Stop And Appreciate 'Black Bag' Before It's Gone (Plus: 'The Electric State' Massacre)
#312: "Black Bag," "The Electric State," "Big Trouble in Little China," "The Studio"
Edition 312:
Hey movie lovers!
This week: Steven Soderbergh is out here grinding again, and nobody is properly respecting it. As for movies you can feel free to disrespect, look no further than Netflix’s $300 blockbuster, and a mid-80s farce. Oh, and don’t sleep on AppleTV+! In this week’s “Trailer Watch,” the first look at the new Paul Thomas Anderson movie starring Leo!!
Black Bag
The one trait I admire and respect most about Steven Soderbergh — and there’s a lot to pick from, considering this is the Oscar winning director behind the Oceans trilogy, Erin Brockovich, Contagion and so many others — is his desire and willingness to just try stuff. Smaller budget? Straight-to-streaming? Self-distributed? Who cares!
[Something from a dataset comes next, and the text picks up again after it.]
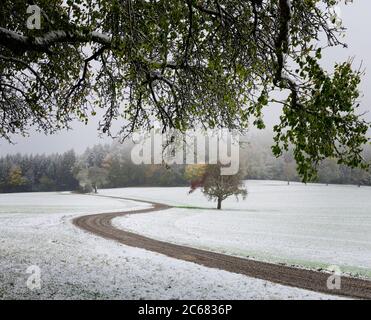 Strada sterrata attraverso campi innevati che conducono alla foresta, Baden-Wurttemberg, Germania Foto Stock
In the last five years (since 2019), he’s made eight features and directed on two mini-series. That’s wild. You may remember I was just talking about him in this newsletter a month ago when Presence came out. Two movies in two months!
His movies are always interesting, always competent, and always him. Regardless of whether it’s shot on an iPhone (High Flying Bird), shot on a cruise ship crossing the Atlantic (Let Them All Talk), or in recent years painting within the lines of hard genre like noir (No Sudden Move), thriller (Kimi), horror (Presence) or now spy movies, you know it’s a Soderbergh movie by the way he keeps his audience in the dark, doling out bread crumbs of information that give an audience just enough to stay engaged and fascinated but not so much that it spoils what is usually a big reveal ending (one of his other signatures is the replay back through the story at the end after the big reveal to explain everything you missed the first time, with a big a-ha!).
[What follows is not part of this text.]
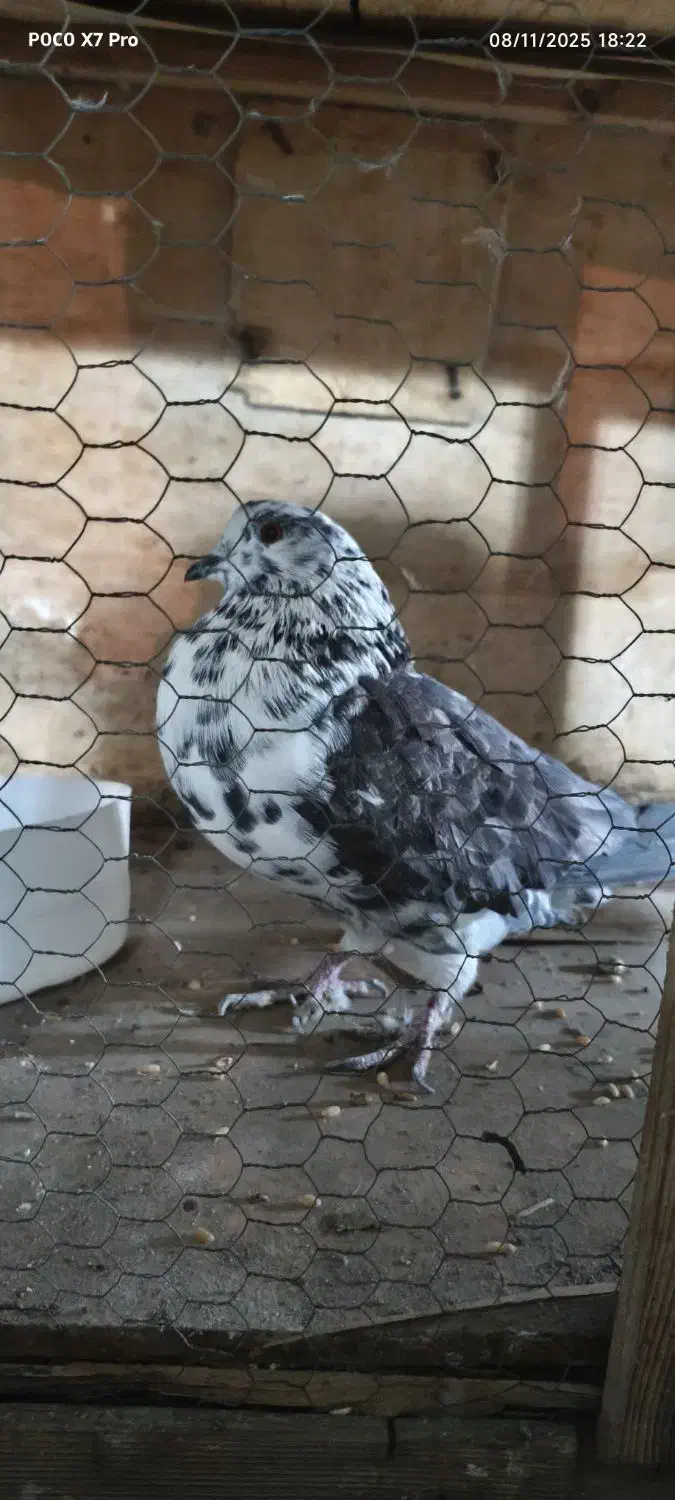 کفتر نر|پرنده|تهران, تهرانپارس شرقی|دیوار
Black Bag is the biggest, most commercial project he’s put together during that span. You’ve got two big movie stars in the lead roles, Michael Fassbender and Cate Blanchett, as British spies who are married to each other. You’ve got Pierce Brosnan in that classic suits and glasses intelligence boss role, Marisa Abela as a femme fatale and René-Jean Page as a semi-villain. In look and feel all of this is not dissimilar to a James Bond movie, at first glance.
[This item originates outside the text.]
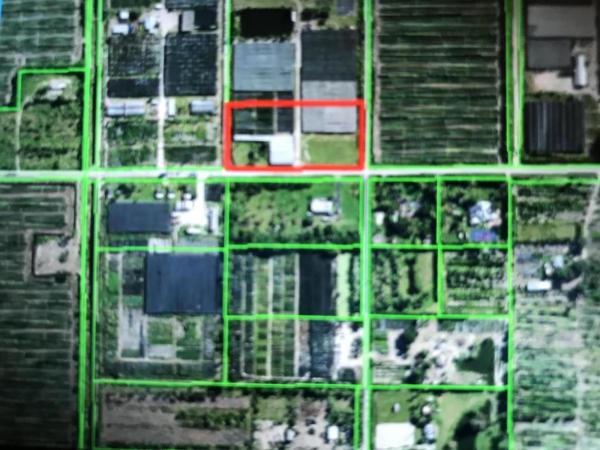 Palm Beach Farms, Smith Sundy Rd, Delray Beach, Florida 33446, image 2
But this is not a $200 or $300 million blockbuster. It’s not Mr and Mrs Smith. There’s no car chases or shootouts. Because you simply cannot do the usual “action/adventure” elements of a spy movie on a reported $50-60 million budget.
So what you get is a 1hr33min movie about people in different rooms talking. Now, that’s not to say the movie is boring. Far from it. There’s plenty of that spy lingo and lying and espionage to keep a viewer hooked, and if anything, when there is one…ehem…stunt moment (no spoilers) at the very end, it lands much harder because of how unexpected it is.
Of course, because this is a spy movie, there’s a crucial piece of intelligence that’s leaked and they have to find the rat. And of course they all suspect it’s each other. But Soderbergh’s genius is to overlay that classic story with a deeper story about marriage and the things we do and do not share with our loved ones (the movie’s name comes from the primary couple’s safe word for “I can’t talk about that”).
This is the best movie of 2025 so far, primarily because of the acting performances of Fassbender and Blanchett on either side of that marriage. She is the epitome of cool and mysterious, and he’s so good at playing spy-types that he’s done it four times in the past two years (The Killer, “The Agency,” and Kneecap). I love it every single time — he might rank among my favorite actors currently.
The real shame of it is that because there’s no sizzle here, it’s almost certainly a money-losing proposition regardless of its quality. A half-dozen movie stars and one of the signature directors of the past 30 years is not enough (not even close) to draw an audience in 2025.
After just $25 million at the box office, the movie will try to leg out a break-even in VOD and streaming.
Years from now, when the chaos of our current Hollywood moment has hopefully settled, we’re going to see that the problem was never “oh we’re running out of ideas” and instead it was “wow we really gave our money and attention to the wrong things.”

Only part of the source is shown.